> _SOURCE DATA_:

%%

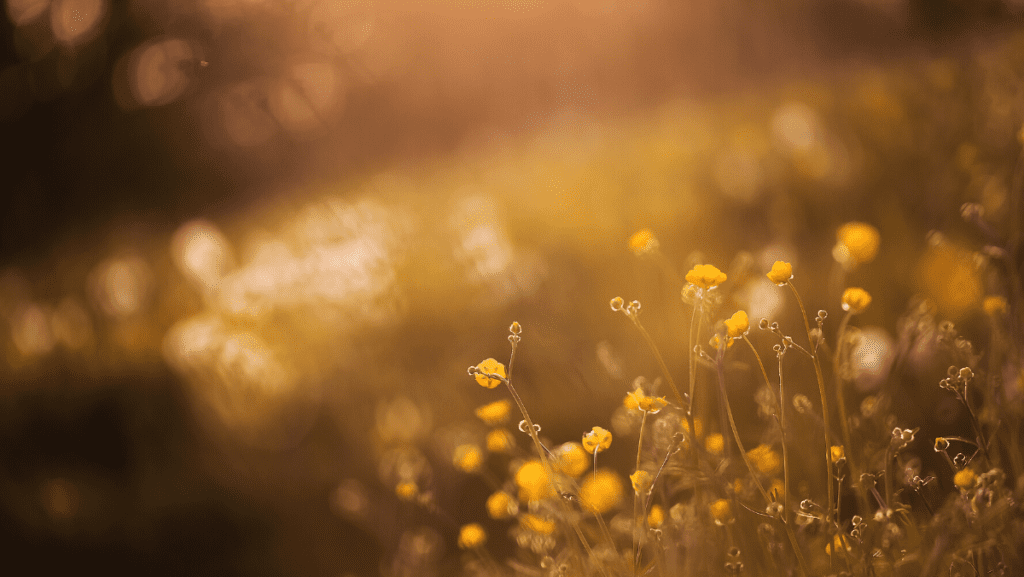 A sepia toned photo of a field with yellow wildflowers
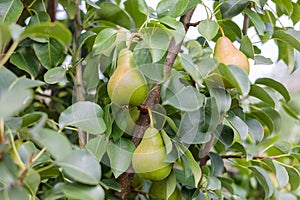 ripening ripe beautiful juicy fruit pears on a branch, pear tree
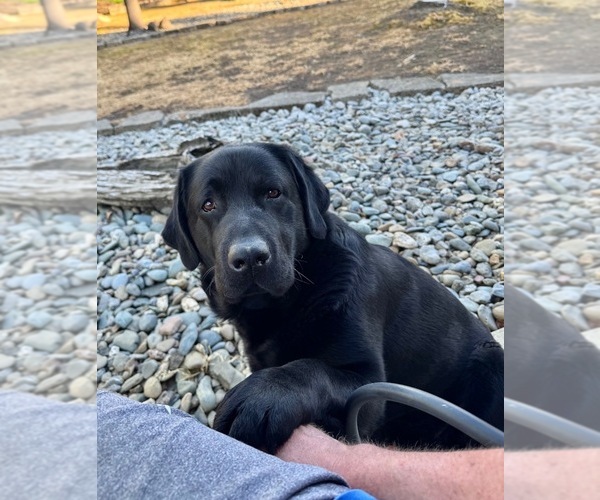 Medium Photo #4 Labrador Retriever Puppy For Sale in REDDING, CA, USA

%%

> _WHAT THE EXERCISE ASKS_: Everything in the data except the pictures needs to be written out exactly.

> _COMPLETED EXERCISE_:
 A sepia toned photo of a field with yellow wildflowers
 ripening ripe beautiful juicy fruit pears on a branch, pear tree
 Medium Photo #4 Labrador Retriever Puppy For Sale in REDDING, CA, USA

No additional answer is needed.